**Task directions**
Every record that follows should be printed verbatim.

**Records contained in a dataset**
----------

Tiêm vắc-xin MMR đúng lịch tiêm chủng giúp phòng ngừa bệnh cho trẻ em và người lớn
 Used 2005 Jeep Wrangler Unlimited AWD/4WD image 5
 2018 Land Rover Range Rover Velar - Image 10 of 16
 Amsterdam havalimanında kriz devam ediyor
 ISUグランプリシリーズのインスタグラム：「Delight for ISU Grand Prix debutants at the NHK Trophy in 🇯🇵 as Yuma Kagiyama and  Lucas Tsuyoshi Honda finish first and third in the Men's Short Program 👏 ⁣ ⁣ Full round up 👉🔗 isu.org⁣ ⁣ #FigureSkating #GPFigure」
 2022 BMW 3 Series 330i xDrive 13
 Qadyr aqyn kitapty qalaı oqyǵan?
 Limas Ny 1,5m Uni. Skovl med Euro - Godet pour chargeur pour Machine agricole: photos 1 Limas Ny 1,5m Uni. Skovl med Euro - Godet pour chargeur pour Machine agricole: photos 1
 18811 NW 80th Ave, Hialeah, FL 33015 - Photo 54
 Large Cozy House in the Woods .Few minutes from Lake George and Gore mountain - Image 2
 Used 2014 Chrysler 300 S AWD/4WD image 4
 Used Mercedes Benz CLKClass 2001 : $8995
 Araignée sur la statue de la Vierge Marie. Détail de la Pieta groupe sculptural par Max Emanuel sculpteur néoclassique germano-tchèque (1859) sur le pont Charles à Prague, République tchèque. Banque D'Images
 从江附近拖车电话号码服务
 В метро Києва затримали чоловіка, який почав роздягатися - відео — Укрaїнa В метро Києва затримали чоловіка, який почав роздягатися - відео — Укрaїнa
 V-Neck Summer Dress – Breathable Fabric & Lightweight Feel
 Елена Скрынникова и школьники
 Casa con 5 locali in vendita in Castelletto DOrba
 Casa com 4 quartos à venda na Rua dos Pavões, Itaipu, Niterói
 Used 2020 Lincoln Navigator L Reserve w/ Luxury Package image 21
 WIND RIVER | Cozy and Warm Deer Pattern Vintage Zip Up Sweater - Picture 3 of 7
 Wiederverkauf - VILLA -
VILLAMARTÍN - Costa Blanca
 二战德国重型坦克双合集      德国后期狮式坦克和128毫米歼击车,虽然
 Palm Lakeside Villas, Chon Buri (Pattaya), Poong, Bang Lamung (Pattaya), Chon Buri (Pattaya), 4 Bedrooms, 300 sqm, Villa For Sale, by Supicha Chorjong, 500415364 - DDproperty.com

----------

**Exercise output**
Tiêm vắc-xin MMR đúng lịch tiêm chủng giúp phòng ngừa bệnh cho trẻ em và người lớn
 Used 2005 Jeep Wrangler Unlimited AWD/4WD image 5
 2018 Land Rover Range Rover Velar - Image 10 of 16
 Amsterdam havalimanında kriz devam ediyor
 ISUグランプリシリーズのインスタグラム：「Delight for ISU Grand Prix debutants at the NHK Trophy in 🇯🇵 as Yuma Kagiyama and  Lucas Tsuyoshi Honda finish first and third in the Men's Short Program 👏 ⁣ ⁣ Full round up 👉🔗 isu.org⁣ ⁣ #FigureSkating #GPFigure」
 2022 BMW 3 Series 330i xDrive 13
 Qadyr aqyn kitapty qalaı oqyǵan?
 Limas Ny 1,5m Uni. Skovl med Euro - Godet pour chargeur pour Machine agricole: photos 1 Limas Ny 1,5m Uni. Skovl med Euro - Godet pour chargeur pour Machine agricole: photos 1
 18811 NW 80th Ave, Hialeah, FL 33015 - Photo 54
 Large Cozy House in the Woods .Few minutes from Lake George and Gore mountain - Image 2
 Used 2014 Chrysler 300 S AWD/4WD image 4
 Used Mercedes Benz CLKClass 2001 : $8995
 Araignée sur la statue de la Vierge Marie. Détail de la Pieta groupe sculptural par Max Emanuel sculpteur néoclassique germano-tchèque (1859) sur le pont Charles à Prague, République tchèque. Banque D'Images
 从江附近拖车电话号码服务
 В метро Києва затримали чоловіка, який почав роздягатися - відео — Укрaїнa В метро Києва затримали чоловіка, який почав роздягатися - відео — Укрaїнa
 V-Neck Summer Dress – Breathable Fabric & Lightweight Feel
 Елена Скрынникова и школьники
 Casa con 5 locali in vendita in Castelletto DOrba
 Casa com 4 quartos à venda na Rua dos Pavões, Itaipu, Niterói
 Used 2020 Lincoln Navigator L Reserve w/ Luxury Package image 21
 WIND RIVER | Cozy and Warm Deer Pattern Vintage Zip Up Sweater - Picture 3 of 7
 Wiederverkauf - VILLA -
VILLAMARTÍN - Costa Blanca
 二战德国重型坦克双合集      德国后期狮式坦克和128毫米歼击车,虽然
 Palm Lakeside Villas, Chon Buri (Pattaya), Poong, Bang Lamung (Pattaya), Chon Buri (Pattaya), 4 Bedrooms, 300 sqm, Villa For Sale, by Supicha Chorjong, 500415364 - DDproperty.com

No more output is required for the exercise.